--- PROVIDED DATA ---
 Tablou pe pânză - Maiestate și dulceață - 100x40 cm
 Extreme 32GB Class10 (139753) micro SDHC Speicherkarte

--

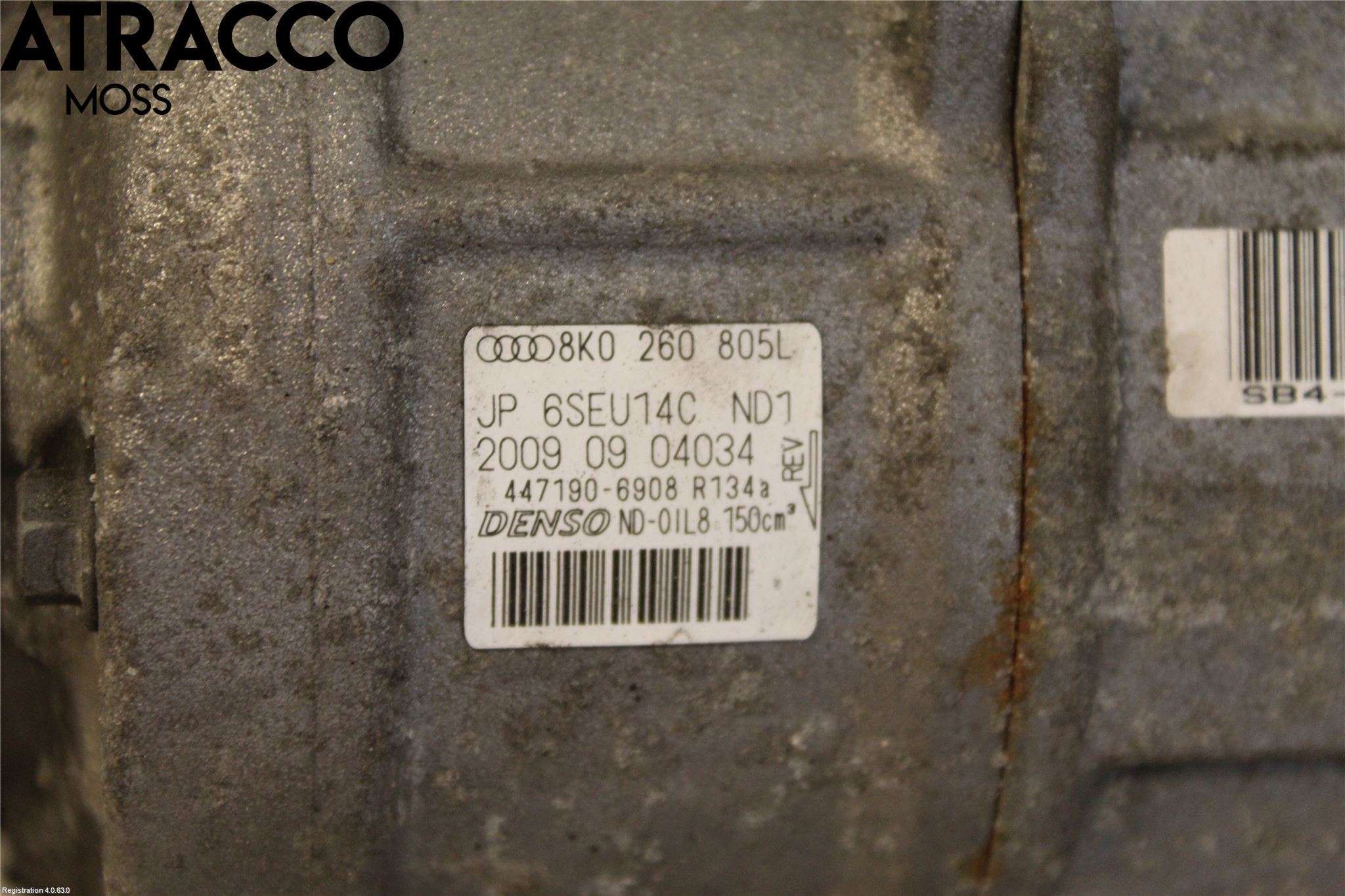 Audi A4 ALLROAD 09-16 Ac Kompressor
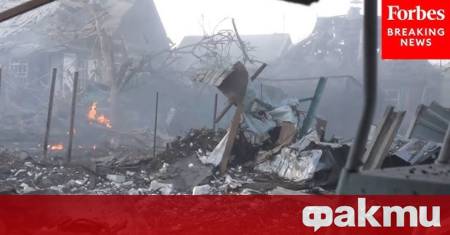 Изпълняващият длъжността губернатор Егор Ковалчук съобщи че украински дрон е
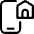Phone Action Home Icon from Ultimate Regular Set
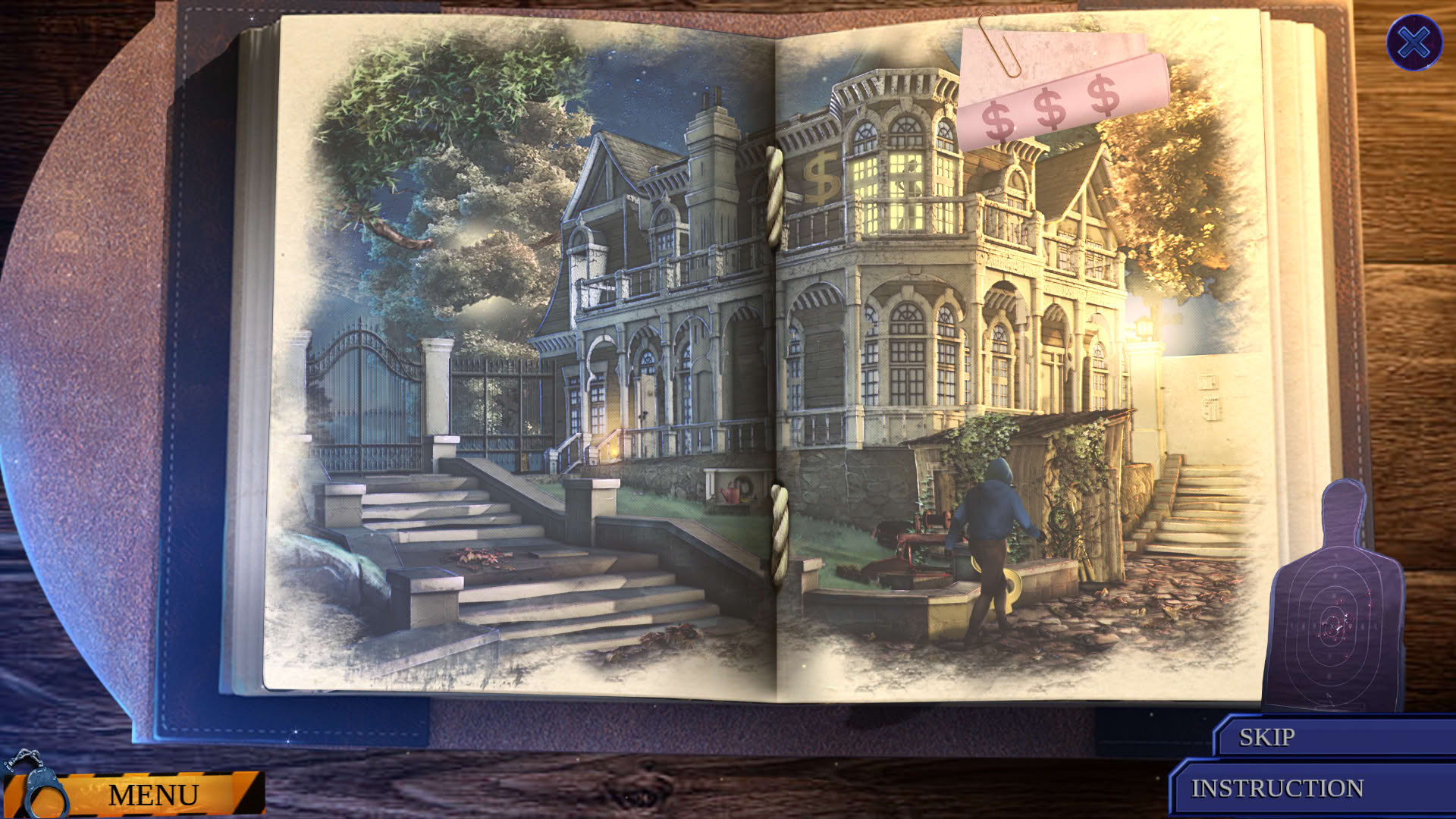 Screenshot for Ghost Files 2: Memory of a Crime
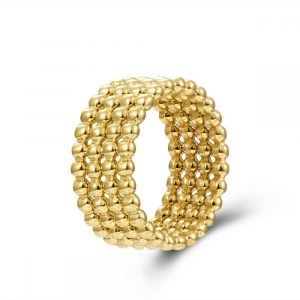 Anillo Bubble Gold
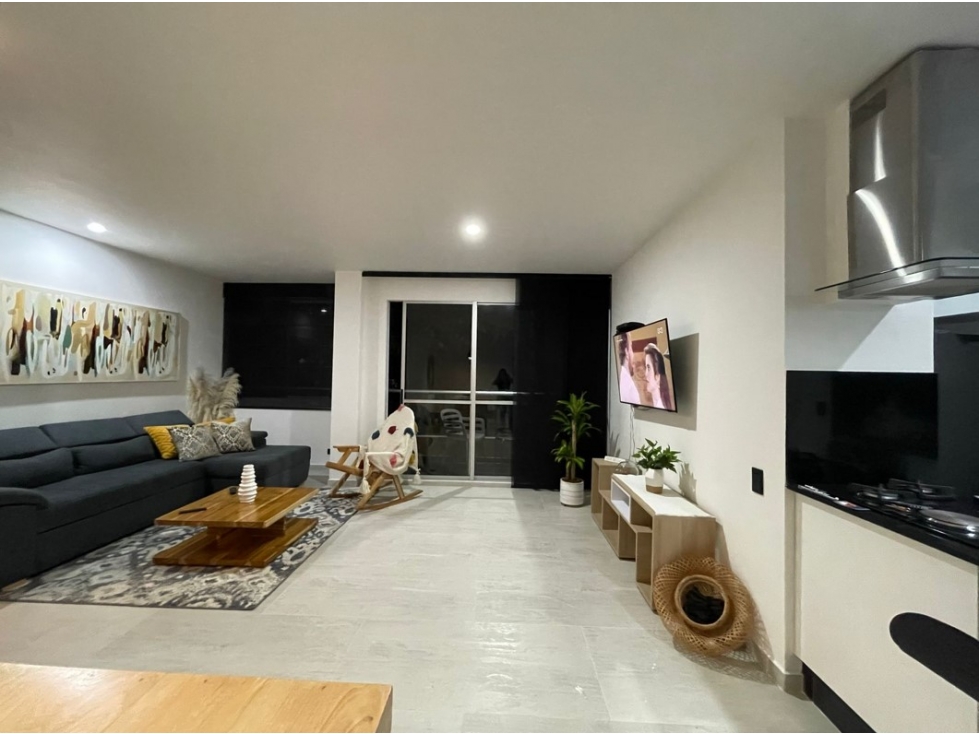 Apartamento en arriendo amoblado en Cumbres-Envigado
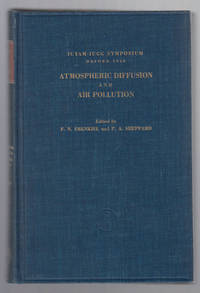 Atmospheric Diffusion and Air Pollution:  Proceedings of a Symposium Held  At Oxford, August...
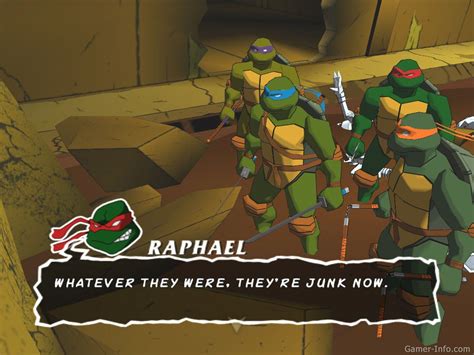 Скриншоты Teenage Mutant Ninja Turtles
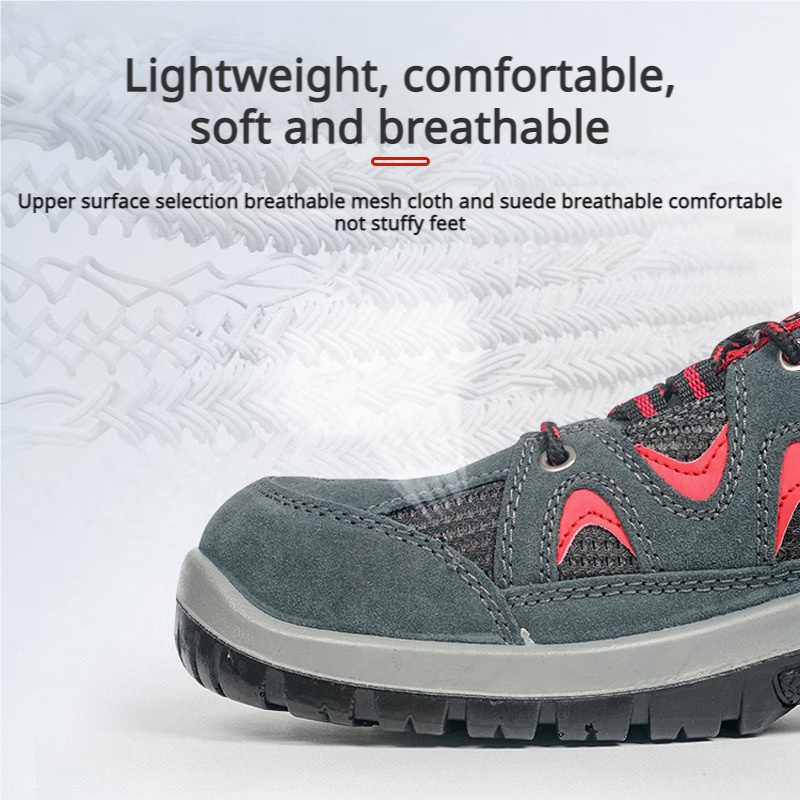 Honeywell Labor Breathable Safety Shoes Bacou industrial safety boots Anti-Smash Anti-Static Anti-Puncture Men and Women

--- YOUR OBJECTIVE ---
The required output is the stretch of entries above from the line containing "Tablou pe pânză" through the line containing "Extreme 32GB Class10", reproduced exactly.

--- RESPONSE BOX ---
 Tablou pe pânză - Maiestate și dulceață - 100x40 cm
 Extreme 32GB Class10 (139753) micro SDHC Speicherkarte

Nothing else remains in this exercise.